Gamelan is a niche, and the recording industry is volatile. Recording cultures on Bali are also quite distinct from their North American analogues, which brings with it a host of new and different challenges for a project that aims to bridge them. Digital music sales are nearly non-existent in Indonesia. Slow Internet speeds make downloading a challenge, and online purchases remain inaccessible to most because few people have credit cards. The market for VCD, CD and cassettes has also nearly vanished. What is left of it survives only in bootlegs sold at local night markets while local labels record fewer and fewer works. The people who still buy music prefer CDs, but these are nearly impossible to distribute in North America because digital distribution coupled with the return of vinyl have rendered them unattractive. We’ve done our best to facilitate the needs of both communities, but honestly we’re still experimenting with how best to get this material heard in a way that is sustainable. One of our current experiments is a vinyl pressing of Suara Semara.

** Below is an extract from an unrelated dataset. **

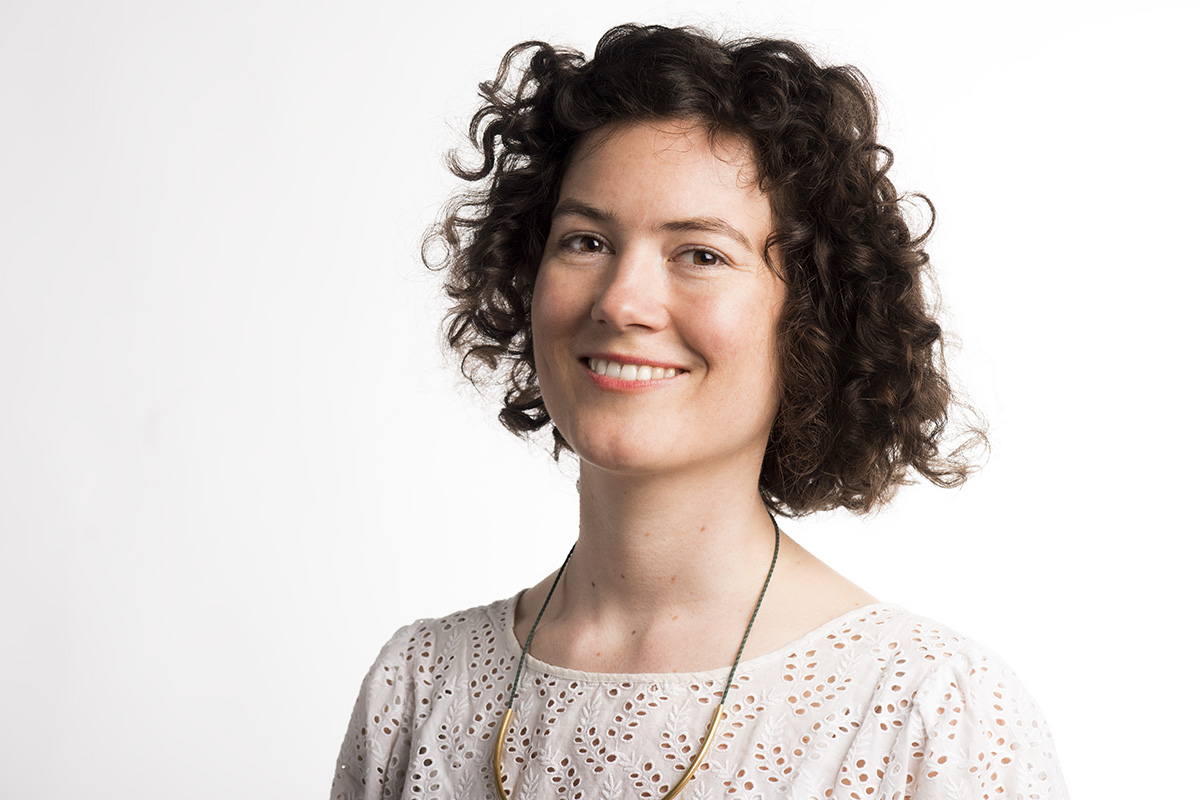 Anna Seidel Lehr-/Lernpsychologin Anna Seidel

If you like physical copies of music and want to see more of them, consider pre-ordering it. If you do we’ll send you a t-shirt too. We’ve paid the group half of all projected profits up front, and this means we have hundreds of copies to sell before we recoup the initial investment.

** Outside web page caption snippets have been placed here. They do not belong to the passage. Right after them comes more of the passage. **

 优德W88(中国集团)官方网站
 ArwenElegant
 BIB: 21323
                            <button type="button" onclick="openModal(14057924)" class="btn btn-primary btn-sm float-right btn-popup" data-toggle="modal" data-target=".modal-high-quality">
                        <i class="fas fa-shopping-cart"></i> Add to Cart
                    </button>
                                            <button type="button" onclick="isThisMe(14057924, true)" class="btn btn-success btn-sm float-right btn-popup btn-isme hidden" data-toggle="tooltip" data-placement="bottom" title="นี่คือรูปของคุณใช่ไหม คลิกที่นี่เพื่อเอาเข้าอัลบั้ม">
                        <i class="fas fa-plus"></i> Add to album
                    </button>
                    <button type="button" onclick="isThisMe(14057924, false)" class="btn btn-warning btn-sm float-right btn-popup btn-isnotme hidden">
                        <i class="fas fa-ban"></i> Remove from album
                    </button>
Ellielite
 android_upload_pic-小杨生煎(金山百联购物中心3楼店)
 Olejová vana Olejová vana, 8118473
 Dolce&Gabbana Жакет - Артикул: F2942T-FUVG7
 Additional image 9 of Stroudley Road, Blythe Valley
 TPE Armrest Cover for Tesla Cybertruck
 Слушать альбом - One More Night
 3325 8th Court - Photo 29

In a moment when gamelan music is as vibrant as ever, when the age that musicians begin composing gets younger each year, and at a time when the Internet has just flooded everyone’s ears with sounds from all corners of the globe, much of the resulting creativity is only documented with cell phone cameras and distributed on social media. Do we really trust Google, Instagram, YouTube, and Facebook with distributing, curating, and archiving this music? What will happen when their rule comes to an end? Of course, the development of social media has facilitated the exchange of ideas and music in ways most of us never imagined, but it also means that efforts to create high-quality documentation of this particular moment have been undercut by an abundance of free, fragmented, and low-res documentation. We don’t want to add to that pile, and we trust our intuitions enough to declare that there is space and need for a project like this.

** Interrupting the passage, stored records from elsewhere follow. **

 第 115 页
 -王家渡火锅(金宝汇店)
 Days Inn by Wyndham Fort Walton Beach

We hope those of you that share these values and want to see where this experiment leads will help us get there. At the moment there are two ways to do this. Our website has nearly 100 tracks released across 17 albums, including three free releases and five volumes in HD video. 1) You can purchase these recordings and we’ll invest 50% of your contribution in the project’s future, channeling the other 50% to the relevant artists, or you can make a one-time donation through PayPal.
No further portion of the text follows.